Collected data
———

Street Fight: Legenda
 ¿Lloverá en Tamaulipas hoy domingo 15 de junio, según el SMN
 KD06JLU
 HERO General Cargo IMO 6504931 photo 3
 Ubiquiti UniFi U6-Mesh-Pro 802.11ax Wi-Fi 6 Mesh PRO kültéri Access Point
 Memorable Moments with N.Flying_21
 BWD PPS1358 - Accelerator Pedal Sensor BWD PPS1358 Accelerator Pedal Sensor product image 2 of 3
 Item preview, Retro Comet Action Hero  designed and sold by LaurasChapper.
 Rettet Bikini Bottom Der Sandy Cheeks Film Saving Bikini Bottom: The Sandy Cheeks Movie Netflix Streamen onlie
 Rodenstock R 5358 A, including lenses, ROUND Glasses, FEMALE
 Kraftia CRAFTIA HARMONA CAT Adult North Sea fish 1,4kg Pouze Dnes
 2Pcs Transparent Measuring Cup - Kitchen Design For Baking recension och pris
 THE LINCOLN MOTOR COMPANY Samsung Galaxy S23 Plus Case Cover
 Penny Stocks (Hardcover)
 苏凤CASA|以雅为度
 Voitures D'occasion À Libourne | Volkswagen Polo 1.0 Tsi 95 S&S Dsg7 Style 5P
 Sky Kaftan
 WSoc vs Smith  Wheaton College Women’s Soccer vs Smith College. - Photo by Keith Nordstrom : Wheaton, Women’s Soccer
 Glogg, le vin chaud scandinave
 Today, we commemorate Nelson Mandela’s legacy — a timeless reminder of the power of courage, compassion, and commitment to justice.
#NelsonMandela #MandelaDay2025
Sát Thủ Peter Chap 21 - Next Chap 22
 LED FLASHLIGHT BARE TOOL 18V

———

■ Task details
Using the exact wording, repeat all the entries.

■ Response box
Street Fight: Legenda
 ¿Lloverá en Tamaulipas hoy domingo 15 de junio, según el SMN
 KD06JLU
 HERO General Cargo IMO 6504931 photo 3
 Ubiquiti UniFi U6-Mesh-Pro 802.11ax Wi-Fi 6 Mesh PRO kültéri Access Point
 Memorable Moments with N.Flying_21
 BWD PPS1358 - Accelerator Pedal Sensor BWD PPS1358 Accelerator Pedal Sensor product image 2 of 3
 Item preview, Retro Comet Action Hero  designed and sold by LaurasChapper.
 Rettet Bikini Bottom Der Sandy Cheeks Film Saving Bikini Bottom: The Sandy Cheeks Movie Netflix Streamen onlie
 Rodenstock R 5358 A, including lenses, ROUND Glasses, FEMALE
 Kraftia CRAFTIA HARMONA CAT Adult North Sea fish 1,4kg Pouze Dnes
 2Pcs Transparent Measuring Cup - Kitchen Design For Baking recension och pris
 THE LINCOLN MOTOR COMPANY Samsung Galaxy S23 Plus Case Cover
 Penny Stocks (Hardcover)
 苏凤CASA|以雅为度
 Voitures D'occasion À Libourne | Volkswagen Polo 1.0 Tsi 95 S&S Dsg7 Style 5P
 Sky Kaftan
 WSoc vs Smith  Wheaton College Women’s Soccer vs Smith College. - Photo by Keith Nordstrom : Wheaton, Women’s Soccer
 Glogg, le vin chaud scandinave
 Today, we commemorate Nelson Mandela’s legacy — a timeless reminder of the power of courage, compassion, and commitment to justice.
#NelsonMandela #MandelaDay2025
Sát Thủ Peter Chap 21 - Next Chap 22
 LED FLASHLIGHT BARE TOOL 18V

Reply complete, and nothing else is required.